• [Exercise]: Copy the listing exactly, please, and keep every picture out of it.

• [Data excerpt]:
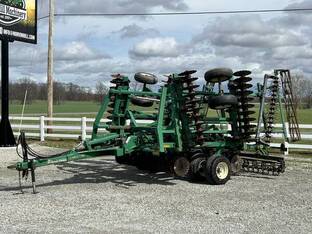 2013 Great Plains 2400TM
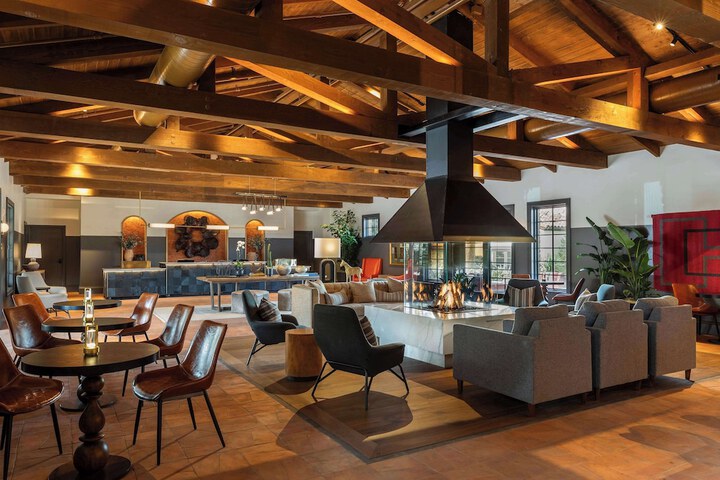 Estancia La Jolla Hotel & Spa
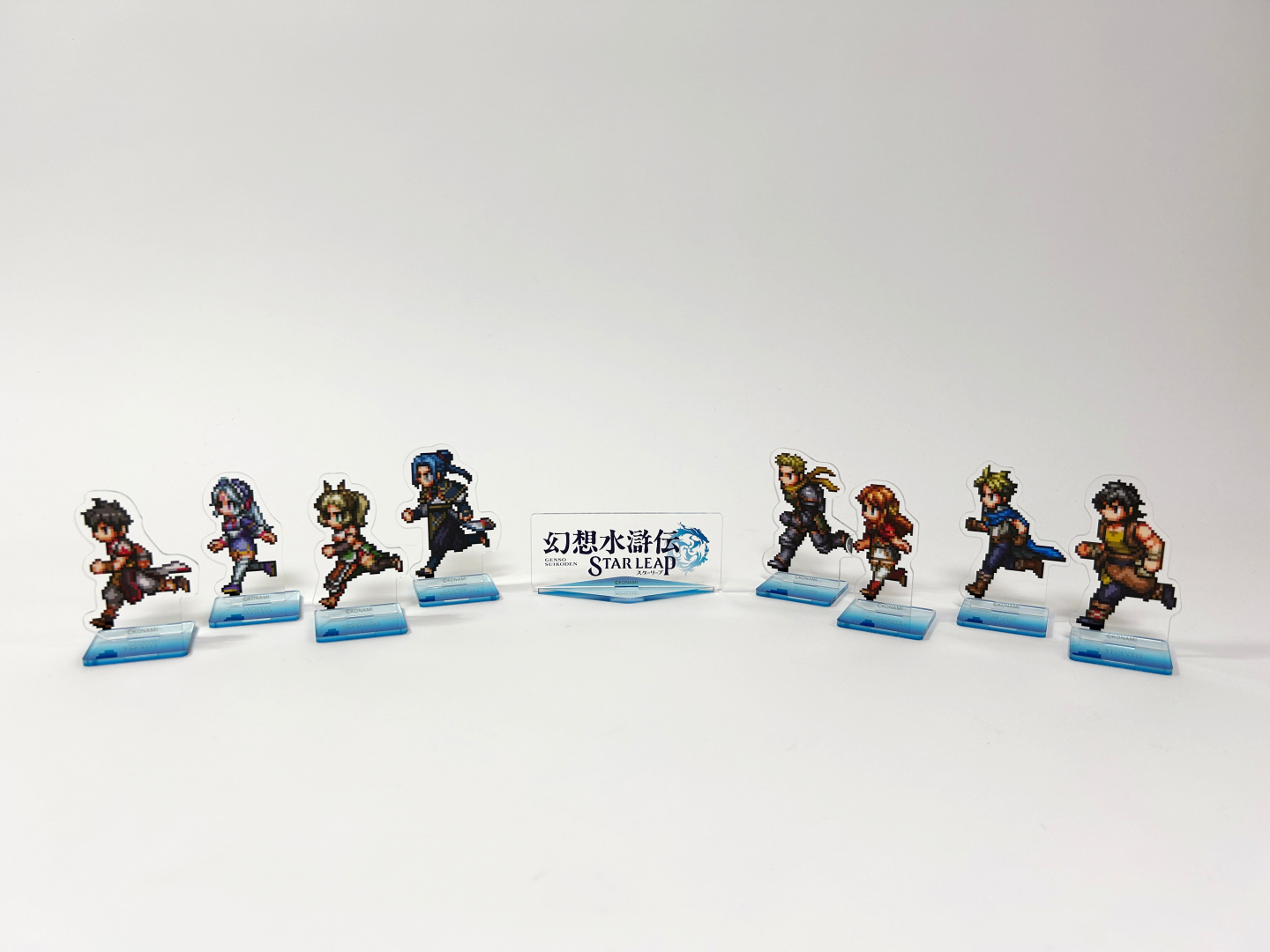台座にキャラクターやロゴを組み合わせれば完成。キャラクター名が書かれた台座にはめて1組ずつ自由にレイアウトを楽しむもヨシ、4人まとめてセットできる台座で好きな組み合わせにして眺めることもできる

• [Solution]:
 2013 Great Plains 2400TM
 Estancia La Jolla Hotel & Spa
台座にキャラクターやロゴを組み合わせれば完成。キャラクター名が書かれた台座にはめて1組ずつ自由にレイアウトを楽しむもヨシ、4人まとめてセットできる台座で好きな組み合わせにして眺めることもできる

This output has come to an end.